# What does heat look like?



## phyllislady (Mar 23, 2013)

What does a goat being in heat look like? I know like flagging tail, swollen vulva, interest in buck, but how can you tell if you don't have a buck? Are certain goats just harder to tell than others? I have been trying to tell for years now what a doe in heat looks like and only when they are around a buck I ve been able to tell. Well this year my doe seemed to be in heat because she seemed to be super interested in the buck, looked swollen, and was flagging her tail some. Well today only like six days later, he seems to be really Interested in her and she seems to be acceptive of his attention, however if she is in heat today she couldn't have been last week, so now I m just kind of confused. What do you guys say?


----------



## goatgirlzCA (Mar 9, 2011)

My boers almost always have some discharge of some kind - which is why they flag their tail a lot. Plus some of them blubber on each other, which is funny. Probably they are all different.


----------



## Little-Bits-N-Pieces (Apr 7, 2013)

Some does have 5 day heats, give or take. So after the first one, the can come back in 5 days later, then continue with the every 18-21 day cycle.


----------



## Chopsgoats (Aug 20, 2013)

My doe is in heat right now but I have her with a wether for companionship, he is old and really not intetested. It is the funniest thing I've ever seen every time she is in heat. She torments Jim endlessly. She will sneak up behind him and stick her head in his crotch and goose him. I just laugh and he will just but her in the head and run for his life from this crazy little doe. She always has some kind of discharge, yes she is with a male do I don't know what she would act like without one around. I feel bad for her but still really funny to watch her.


----------



## MsScamp (Feb 1, 2010)

phyllislady said:


> What does a goat being in heat look like? I know like flagging tail, swollen vulva, interest in buck, but how can you tell if you don't have a buck?

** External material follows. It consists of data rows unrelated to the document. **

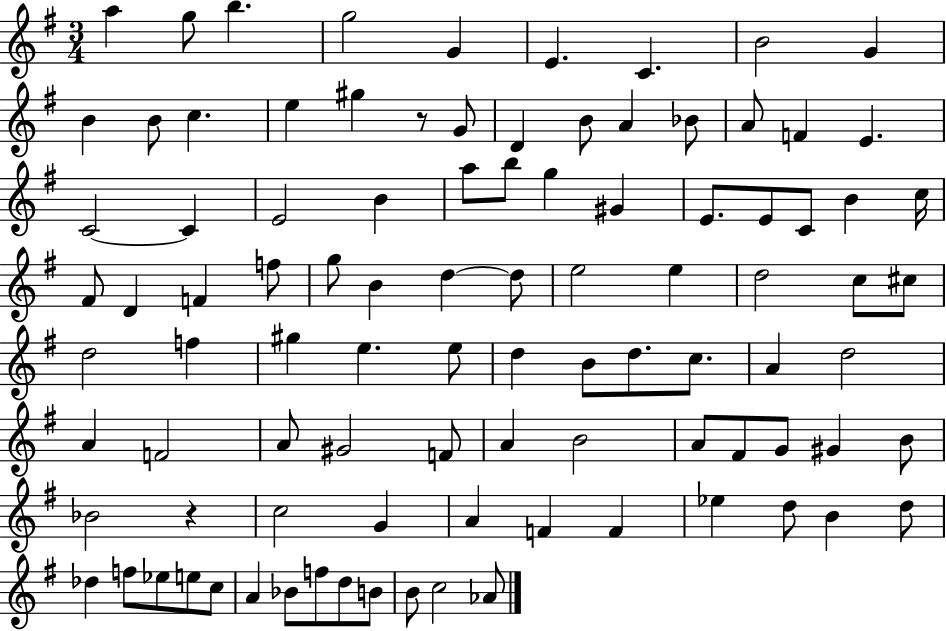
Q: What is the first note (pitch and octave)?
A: A5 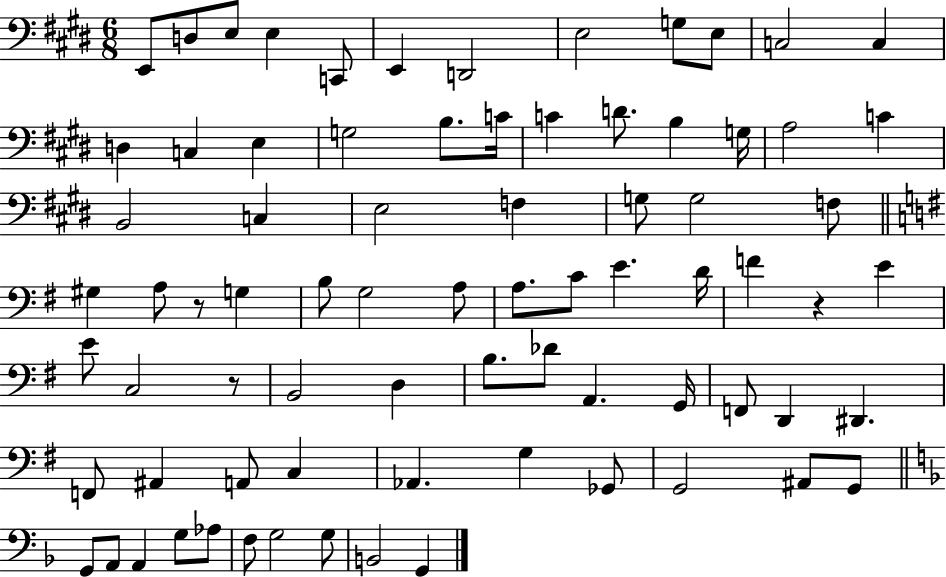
E2/e D3/e E3/e E3/q C2/e E2/q D2/h E3/h G3/e E3/e C3/h C3/q D3/q C3/q E3/q G3/h B3/e. C4/s C4/q D4/e. B3/q G3/s A3/h C4/q B2/h C3/q E3/h F3/q G3/e G3/h F3/e G#3/q A3/e R/e G3/q B3/e G3/h A3/e A3/e. C4/e E4/q. D4/s F4/q R/q E4/q E4/e C3/h R/e B2/h D3/q B3/e. Db4/e A2/q. G2/s F2/e D2/q D#2/q. F2/e A#2/q A2/e C3/q Ab2/q. G3/q Gb2/e G2/h A#2/e G2/e G2/e A2/e A2/q G3/e Ab3/e F3/e G3/h G3/e B2/h G2/q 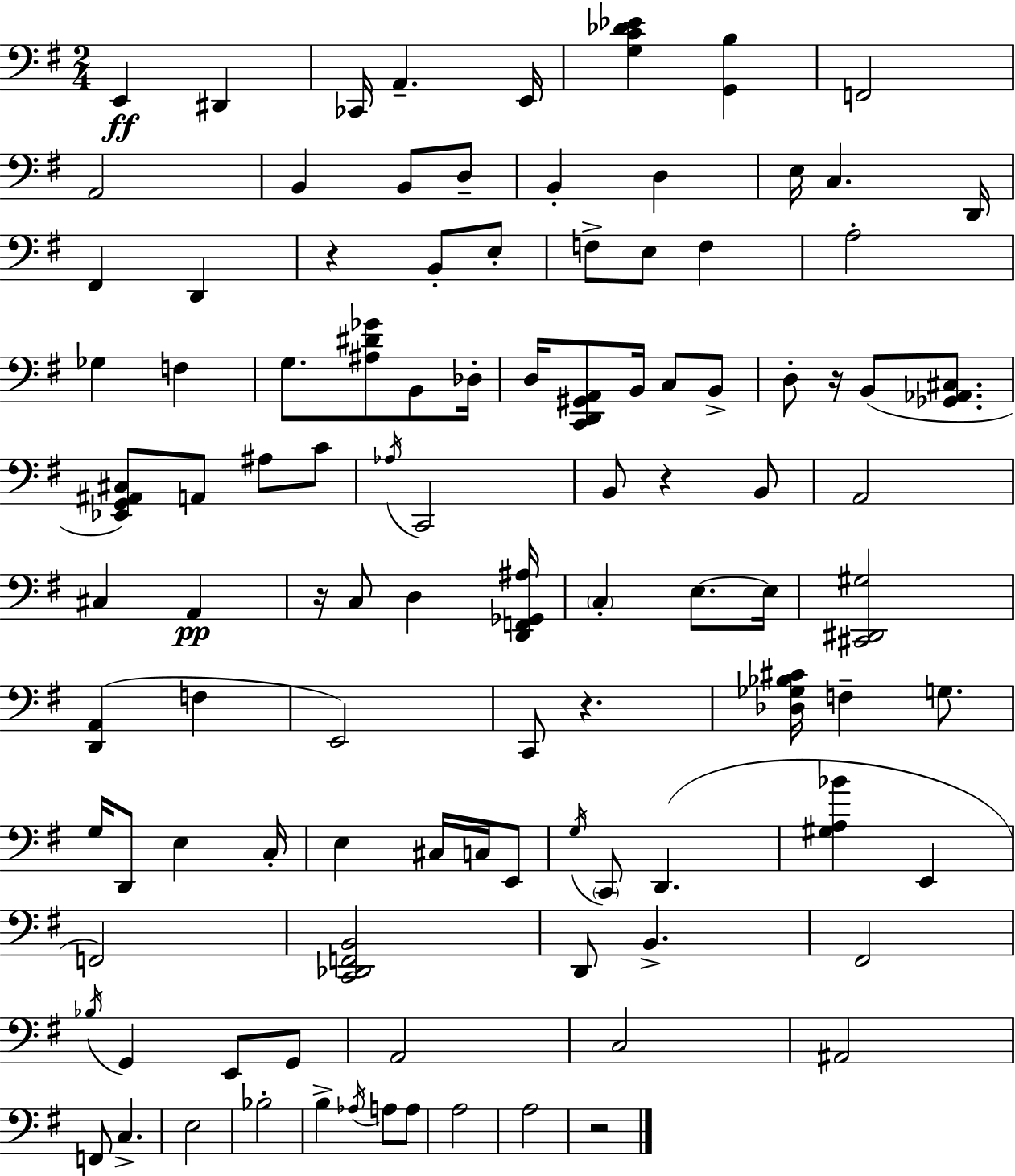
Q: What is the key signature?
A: E minor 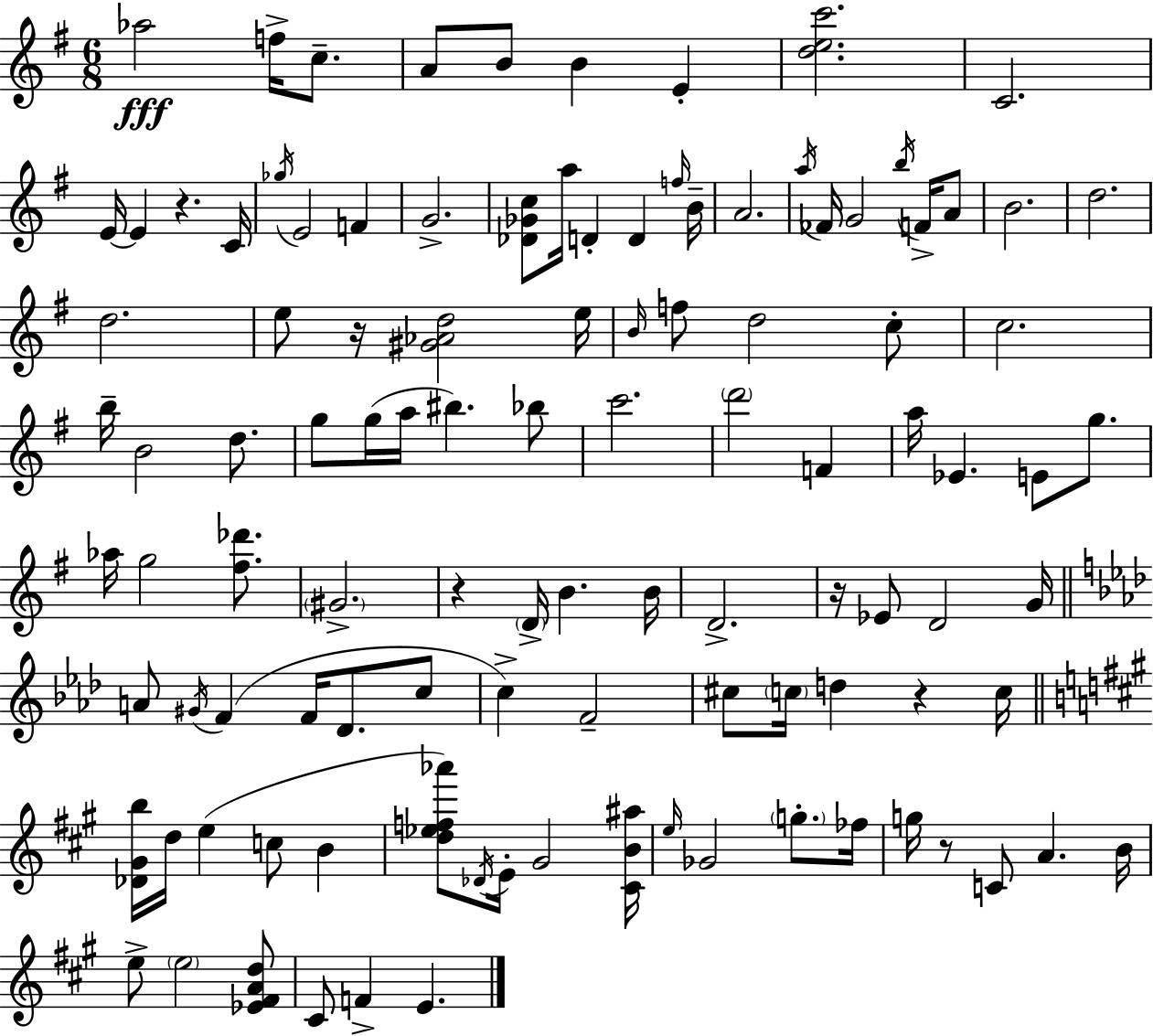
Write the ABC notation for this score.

X:1
T:Untitled
M:6/8
L:1/4
K:G
_a2 f/4 c/2 A/2 B/2 B E [dec']2 C2 E/4 E z C/4 _g/4 E2 F G2 [_D_Gc]/2 a/4 D D f/4 B/4 A2 a/4 _F/4 G2 b/4 F/4 A/2 B2 d2 d2 e/2 z/4 [^G_Ad]2 e/4 B/4 f/2 d2 c/2 c2 b/4 B2 d/2 g/2 g/4 a/4 ^b _b/2 c'2 d'2 F a/4 _E E/2 g/2 _a/4 g2 [^f_d']/2 ^G2 z D/4 B B/4 D2 z/4 _E/2 D2 G/4 A/2 ^G/4 F F/4 _D/2 c/2 c F2 ^c/2 c/4 d z c/4 [_D^Gb]/4 d/4 e c/2 B [d_ef_a']/2 _D/4 E/4 ^G2 [^CB^a]/4 e/4 _G2 g/2 _f/4 g/4 z/2 C/2 A B/4 e/2 e2 [_E^FAd]/2 ^C/2 F E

A doe in heat will usually have a moist to wet vulva area, urinate more frequently, be restless, more vocal, will mount or be mounted by other does, usually does the tongue flapping/strange vocalizations thing, other does usually does the tongue flapping/strange vocalizations thing, usually is off feed or only picks at feed, may or may not be more aggressive, her vulva will almost always be swollen and a darker color, usually has discharge, and tail flagging. Most of these things will usually be present whether there is a buck around or not. Yes, some does are harder to detect heat in than most.


----------



## laurelsh (Jun 26, 2013)

*Does in heat*

Yes, I'm new to goats with 2 young Mini-Nubian doelings, hoping it will be obvious when they come into heat! They are 6 mos. & 7 mos., and I'm hoping to breed them in January/February before the season is over. Any more advice is welcome!:laugh:


----------